Last Updated:Dec 23, 2025

This topic describes how to build a product recommendation model based on user and item features.

Prerequisites

A workspace is created. For more information, see Create and manage a workspace.

Background information

In this scenario, a pipeline trains a predictive model on e-commerce data from April and May. The pipeline then evaluates the model by using purchase data from June. Finally, you deploy the best-performing model as an Elastic Algorithm Service (EAS) online service.

Important

The data used in this pipeline is anonymized e-commerce data and is for demonstration purposes only. Do not use it for commercial purposes.

The sample pipeline and related data are included in a preset template provided by Machine Learning Designer. You can drag the components in the template to create a recommendation model based on collaborative filtering. Then, you can deploy the model you train in Machine Learning Designer to EAS with a few clicks.

General workflow

image
  1. Import the data into MaxCompute to generate structured, supervised data.

  2. Perform Feature Engineering, including data preprocessing and feature derivation. Feature derivation enriches the dataset to better represent business patterns.

  3. Split the data into two sets: one for training the binary classification model, and another for testing the model's performance with a prediction component.

  4. Use an evaluation component to measure the model's performance.

Dataset

The sample pipeline uses a dataset from Tianchi Big Data Competition.
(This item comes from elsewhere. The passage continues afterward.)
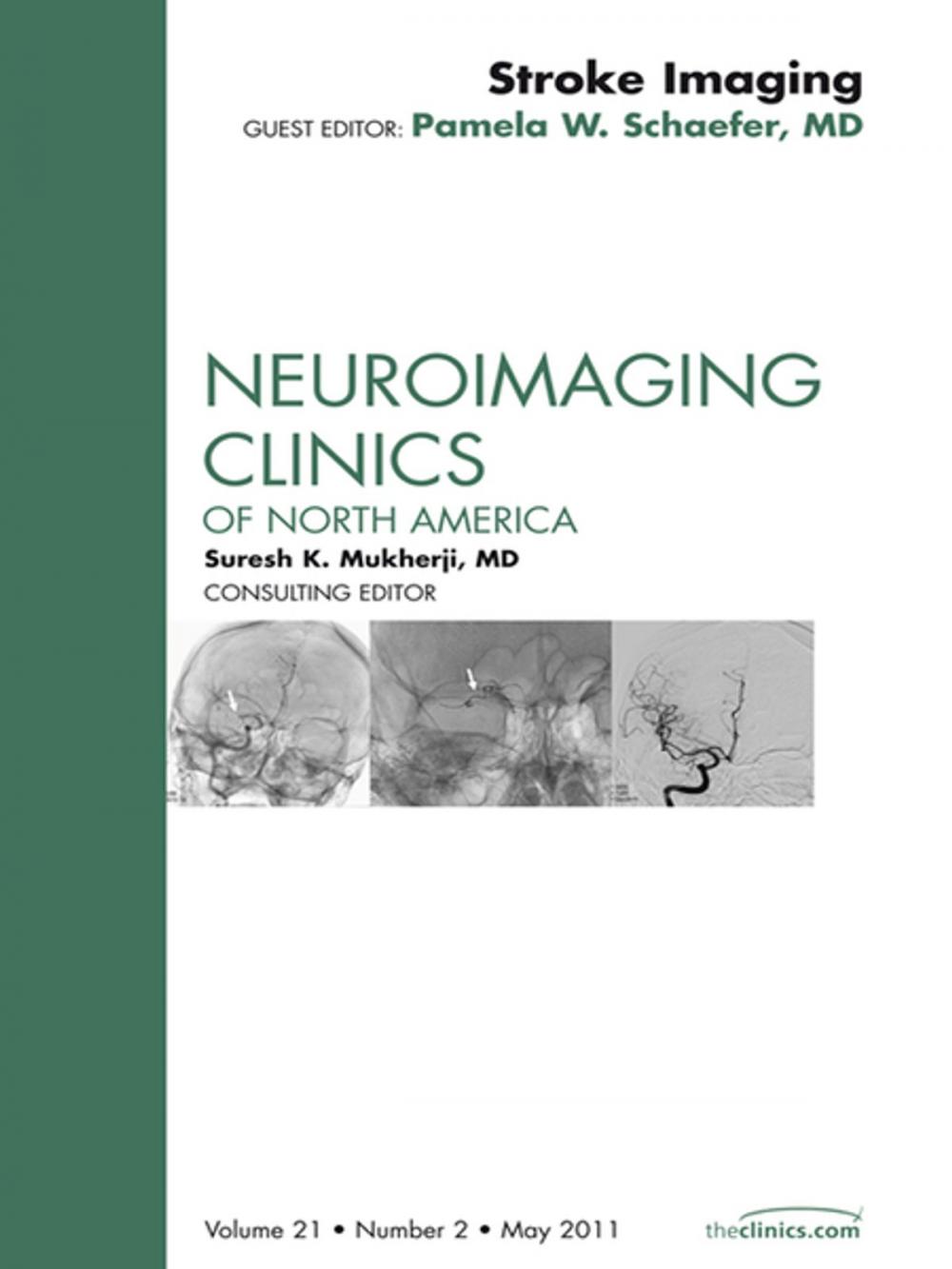 Big bigCover of Imaging of Ischemic Stroke, An Issue of Neuroimaging Clinics - E-Book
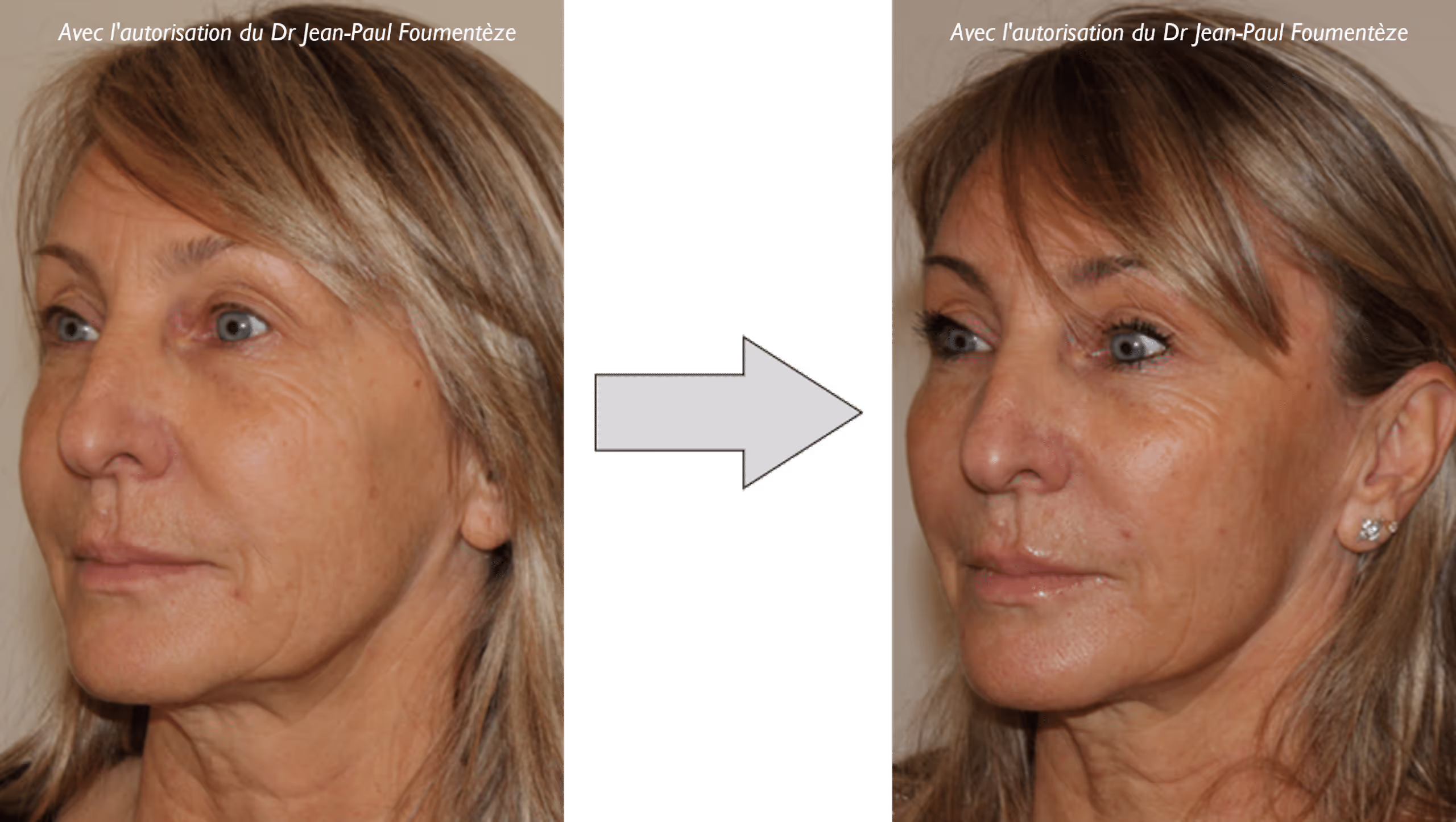 2 images d'une même femme, blonde aux yeux bleus, avant et après l'opération des fils tenseurs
The dataset contains the shopping data of an e-commerce platform from April to June. The following table describes the fields in the dataset.

Field

Short description

Type

Full description

user_id

User ID

STRING

The ID of the user performing the action.

item_id

Item ID

STRING

The ID of the item affected by the action.

active_type

Shopping behavior

STRING

  • 0: Click

  • 1: Purchase

  • 2: Add to favorites

  • 3: Add to cart.

active_date

Purchase date

STRING

The time when the action occurred.

The following figure shows a sample of the raw data in the pipeline.原始示例数据

Procedure

  1. Go to the Machine Learning Designer page.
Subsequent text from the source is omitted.